## GIVEN INFORMATION
....................

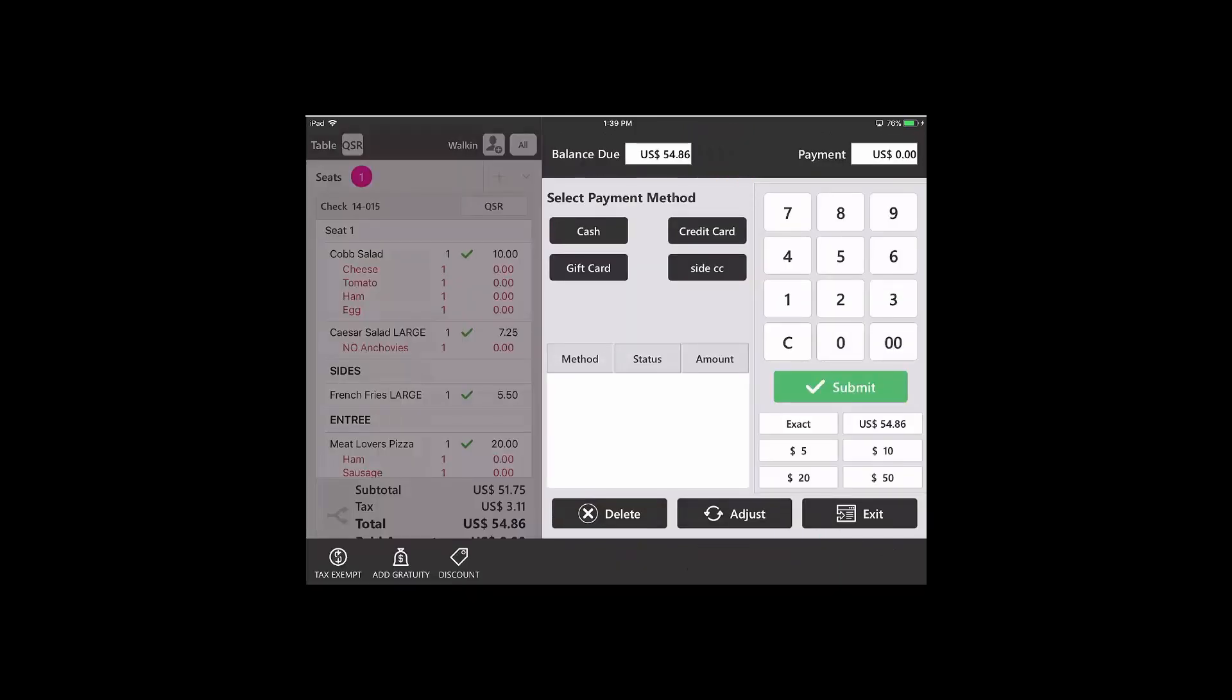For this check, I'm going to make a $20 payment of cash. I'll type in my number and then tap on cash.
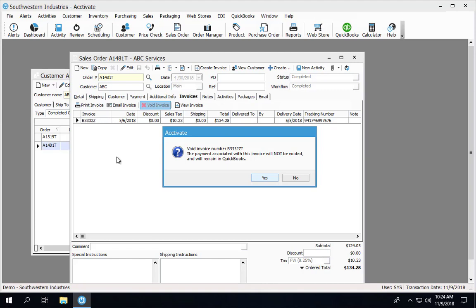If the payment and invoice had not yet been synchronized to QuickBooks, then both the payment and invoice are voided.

....................

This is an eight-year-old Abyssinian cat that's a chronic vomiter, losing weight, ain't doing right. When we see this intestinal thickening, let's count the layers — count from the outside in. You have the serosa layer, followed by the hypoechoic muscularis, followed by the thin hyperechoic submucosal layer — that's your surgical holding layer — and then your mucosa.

....................

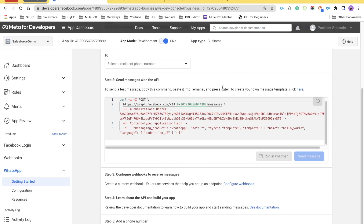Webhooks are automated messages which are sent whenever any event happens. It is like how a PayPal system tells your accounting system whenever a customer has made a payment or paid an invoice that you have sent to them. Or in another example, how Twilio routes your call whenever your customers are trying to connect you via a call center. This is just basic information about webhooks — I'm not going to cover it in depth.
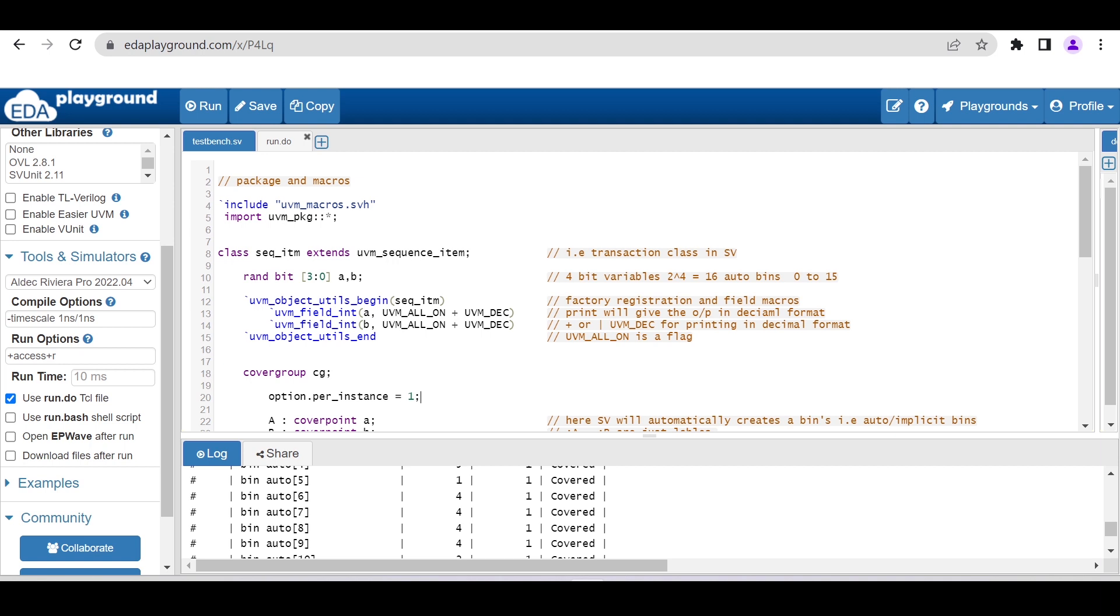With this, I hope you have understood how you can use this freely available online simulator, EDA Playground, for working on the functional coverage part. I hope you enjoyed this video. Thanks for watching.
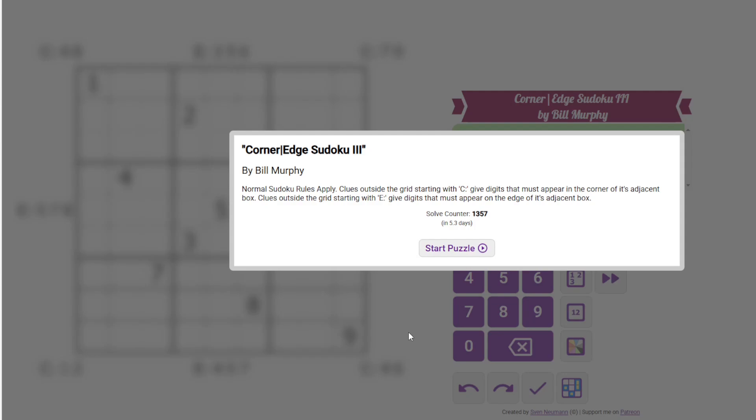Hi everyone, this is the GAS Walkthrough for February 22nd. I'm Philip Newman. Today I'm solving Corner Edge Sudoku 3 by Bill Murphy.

....................

## WORK ORDER
Both boundary lines included, write out word for word only the lines above from the one containing "For this check, I'm" to the one containing "If the payment", leaving out any pictures.

## EXERCISE RESPONSE
For this check, I'm going to make a $20 payment of cash. I'll type in my number and then tap on cash.
If the payment and invoice had not yet been synchronized to QuickBooks, then both the payment and invoice are voided.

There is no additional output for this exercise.